While stationed on a nearby planet, Axton meets the charming Ambassador Bray Wilde. As the two become close, Axton reveals a painful secret—the loss of her first love, exiled as an Outlier.
Longing to see beyond their own world, the ambassador proposes a rescue mission—one that will bring both friends and foes, and ultimately a fight for freedom. But first, Axton must make a choice: between a life-long allegiance… and the chance to claim a truth of her own.
Warnings: indoctrination, brainwashing, threatening with a weapon (guns & a bomb)
The Review
At first, Axton performs like any other average protagonist in a dystopian novel, working hard, not questioning her society or its rules. Time and again, she performs her duty efficiently and without question, even handing over her first lover to be arrested for being an Outlier.
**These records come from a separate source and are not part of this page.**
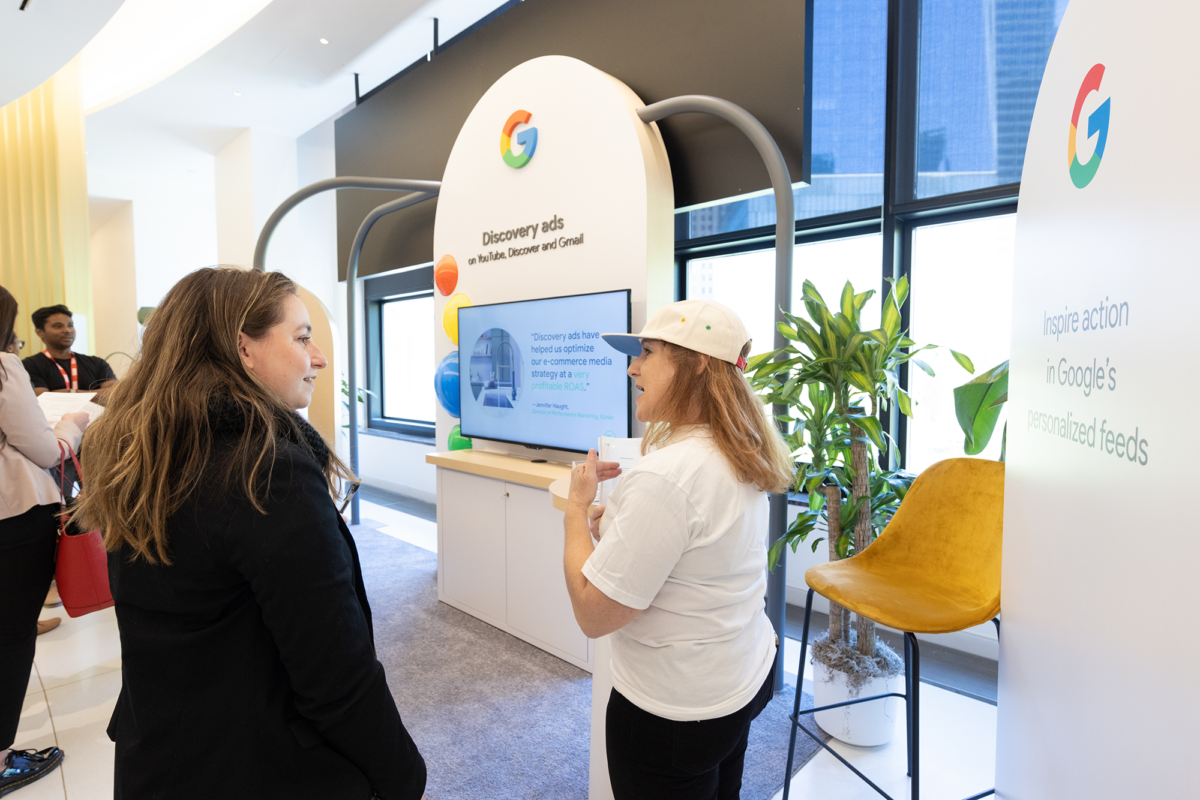Two women stand in front of an activation display by Google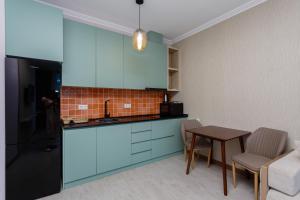 מטבח או מטבחון ב-Season Suite Apart-Hotel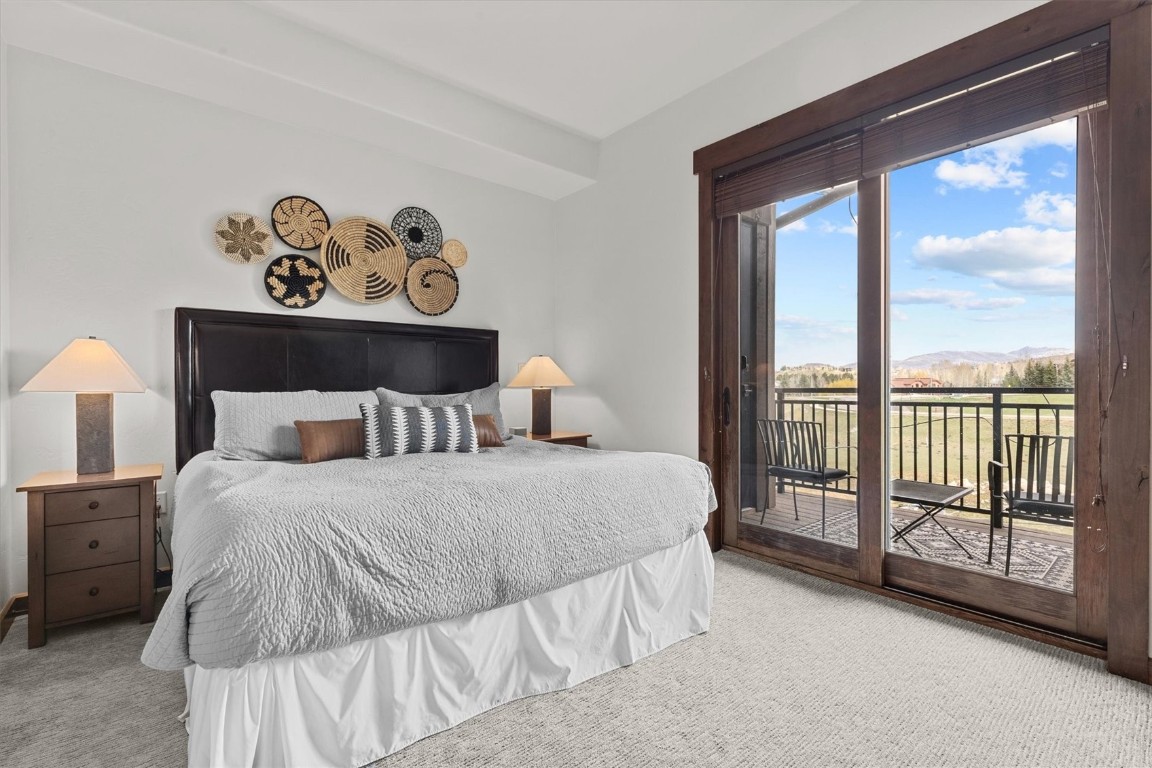 1175 Bangtail Way, Unit 5118 Steamboat Springs, CO 80487 - Photo 27 of 46 a bedroom with a bed and a large window with the outer view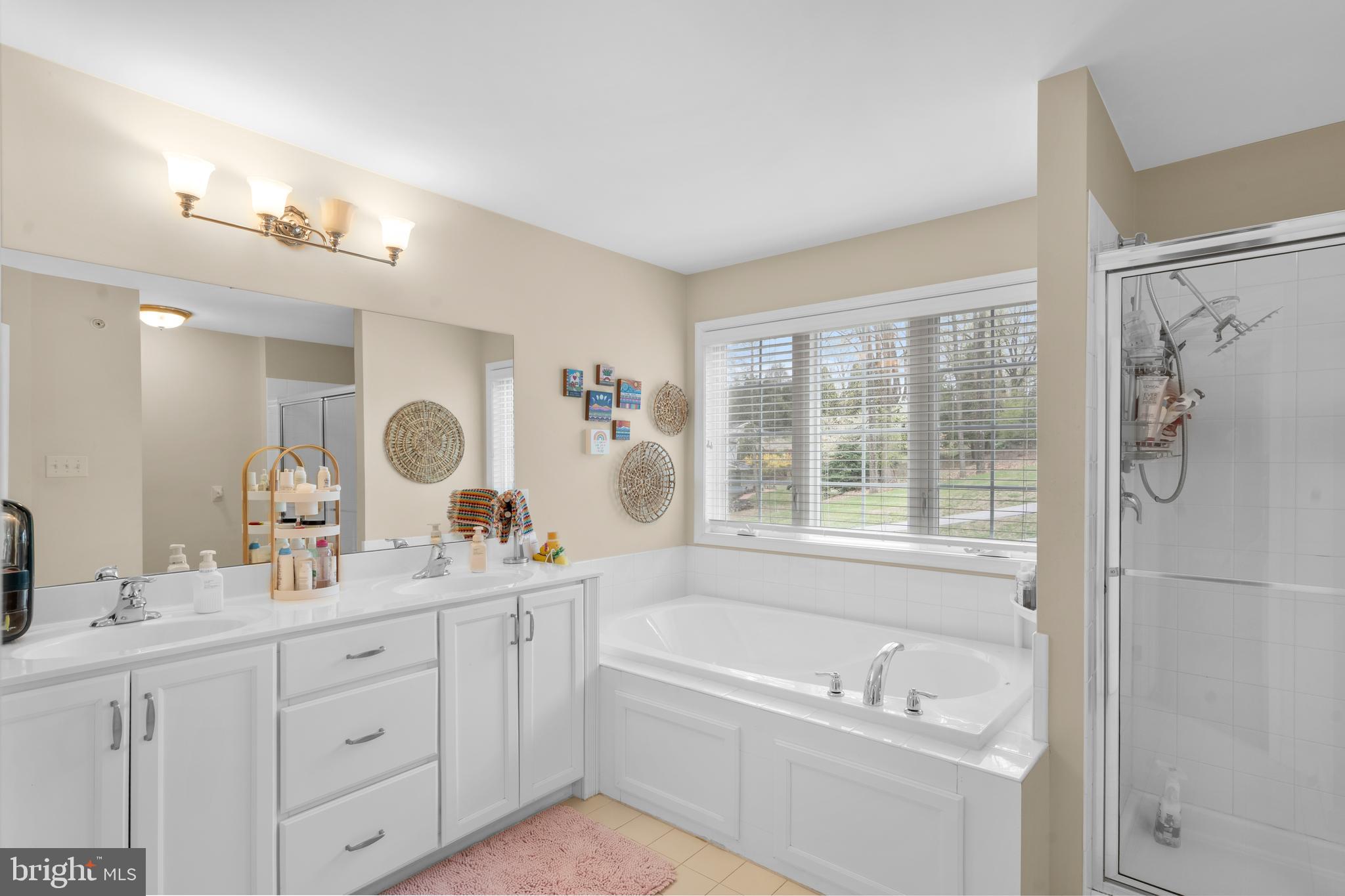 776 Barry Drive Springfield, PA 19064 - Photo 25 of 44 a bathroom with a tub a sink double vanity and a window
But a chance encounter with an intriguing soul, full of light and love, while on duty on a pleasure planet leads Axton to question her life, and shreds her belief system and the cocoon of normalcy she’s spent a lifetime perfecting around her.
Suddenly, Axton is casting off her assumptions about the dystopian society she works for, and the bulk of the novel is spent on a time-travel mission, as Axton is single-mindedly bent on spending every second of her mission trying to stop the birth of the New Worlds Star System. She curses as the found family she’s built around her on the mission slowly “loses focus” on the task, as they build new meaningful connections to the world of the past and grow apart from her.
Her frustration with those around her is echoed by the reader’s frustration for her stubborn single-mindedness. Finally, she realizes that a time machine can’t fix her own problems, and belonging to a dystopian society doesn’t absolve her of her own actions on behalf of the oppressive system she’d spent a lifetime serving. It is at this moment that Axton begins to deconstruct from the trauma of her oppressive upbringing, and just at the moment when you, the reader, are shouting at her for her stubbornness, Axton is reborn with new insight into her actions and a change of heart.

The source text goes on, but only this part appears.